- [Assignment]:
The reply should hold only the lines from the one with "Пазли - 500" to the one with "63515-MGV-CV-36X24-Misty Forest Wall", both ends kept, exactly as they appear below, without any pictures.

- [Data]:
****

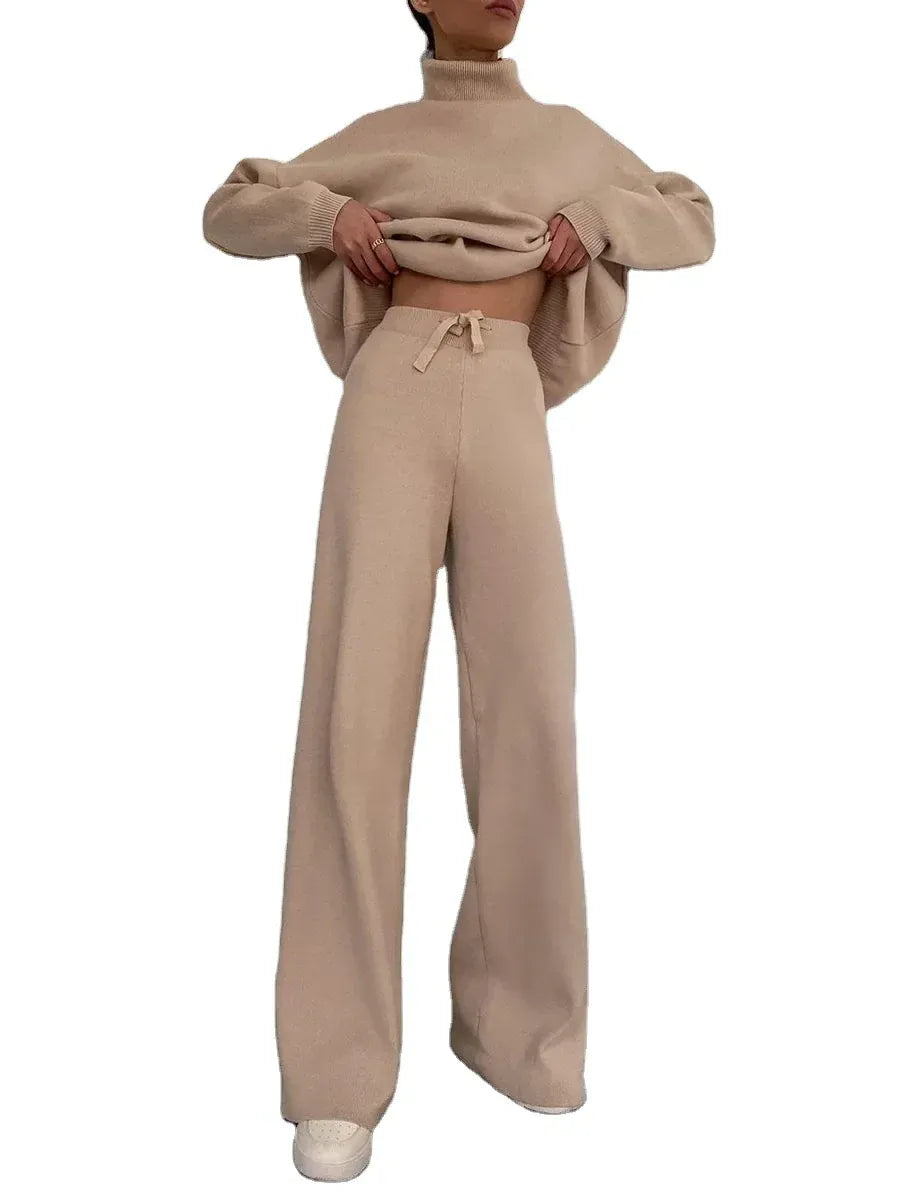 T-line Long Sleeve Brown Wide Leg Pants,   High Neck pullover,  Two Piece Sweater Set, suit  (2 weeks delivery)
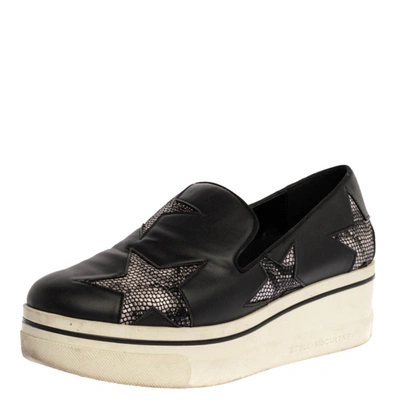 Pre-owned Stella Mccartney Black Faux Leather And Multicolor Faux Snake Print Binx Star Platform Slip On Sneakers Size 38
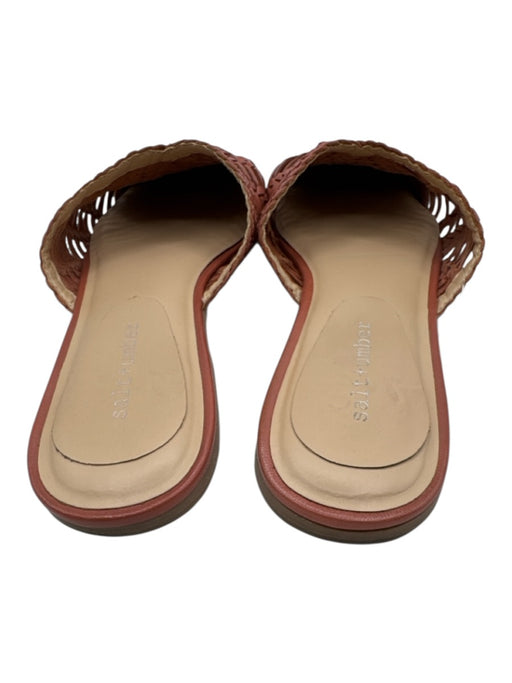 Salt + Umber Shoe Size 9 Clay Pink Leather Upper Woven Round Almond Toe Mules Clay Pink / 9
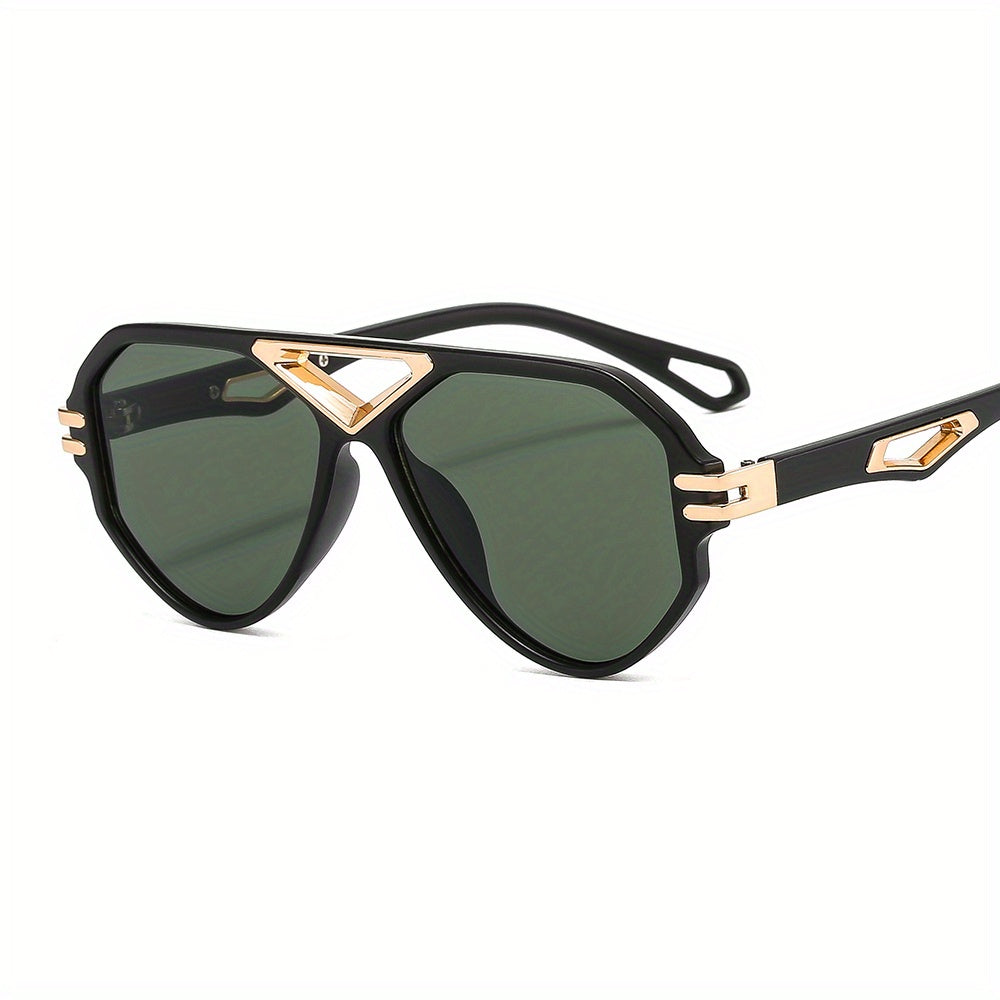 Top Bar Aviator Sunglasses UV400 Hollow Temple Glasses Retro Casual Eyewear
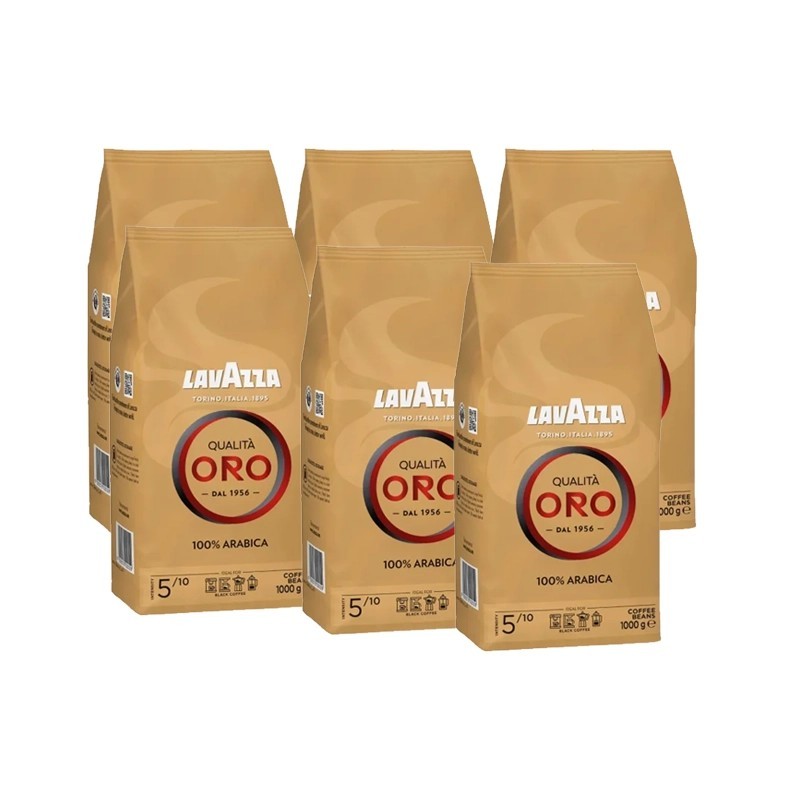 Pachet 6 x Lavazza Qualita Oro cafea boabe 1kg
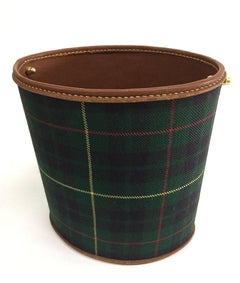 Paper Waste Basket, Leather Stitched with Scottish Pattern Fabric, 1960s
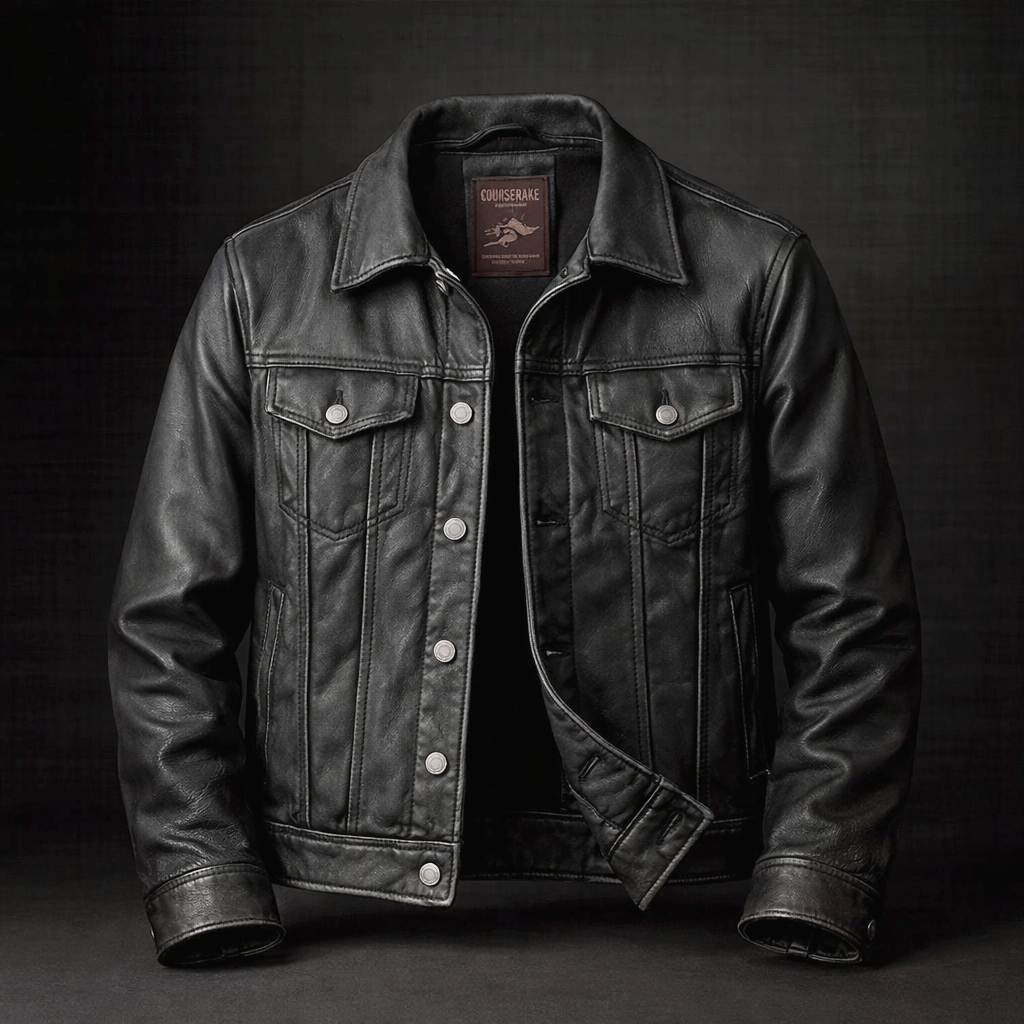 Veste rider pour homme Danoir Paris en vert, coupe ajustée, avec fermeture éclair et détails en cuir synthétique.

****

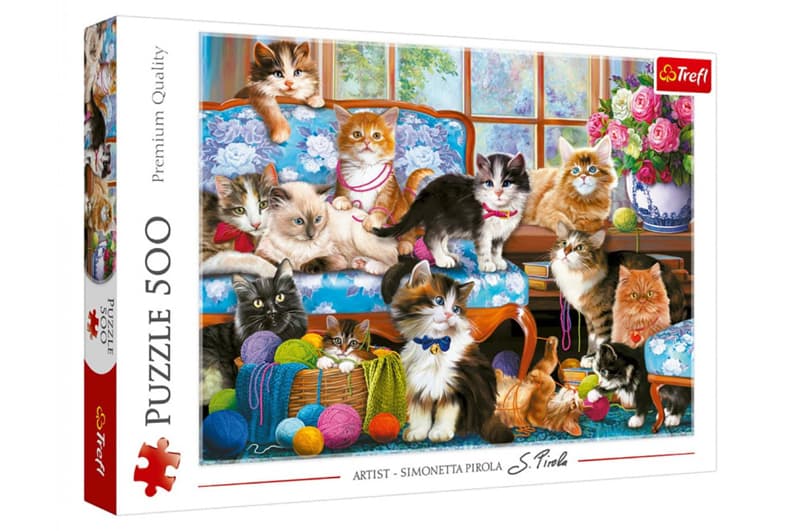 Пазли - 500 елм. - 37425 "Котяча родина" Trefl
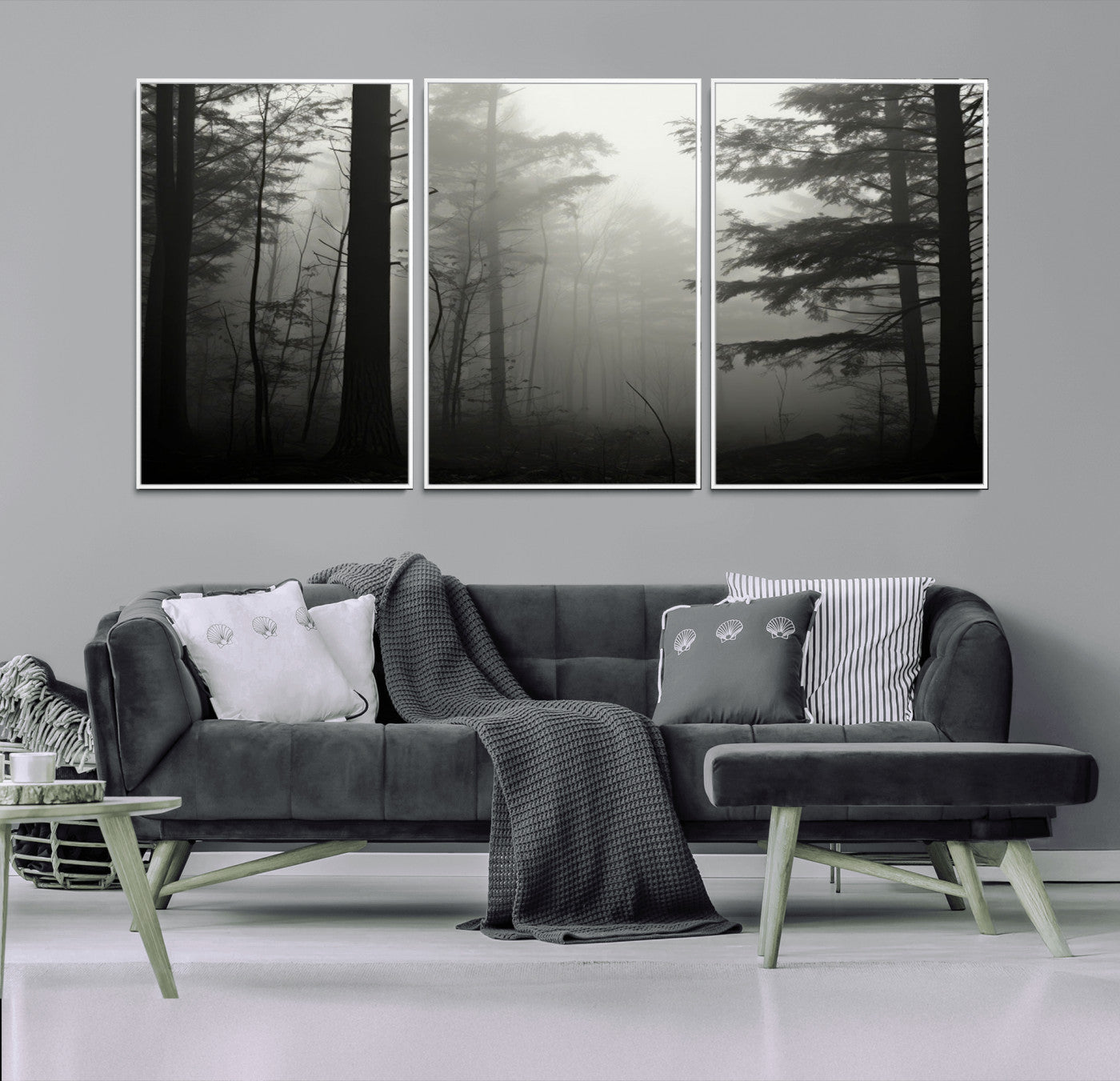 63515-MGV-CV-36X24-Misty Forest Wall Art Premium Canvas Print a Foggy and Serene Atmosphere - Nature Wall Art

****

- [Response]:
 Пазли - 500 елм. - 37425 "Котяча родина" Trefl
 63515-MGV-CV-36X24-Misty Forest Wall Art Premium Canvas Print a Foggy and Serene Atmosphere - Nature Wall Art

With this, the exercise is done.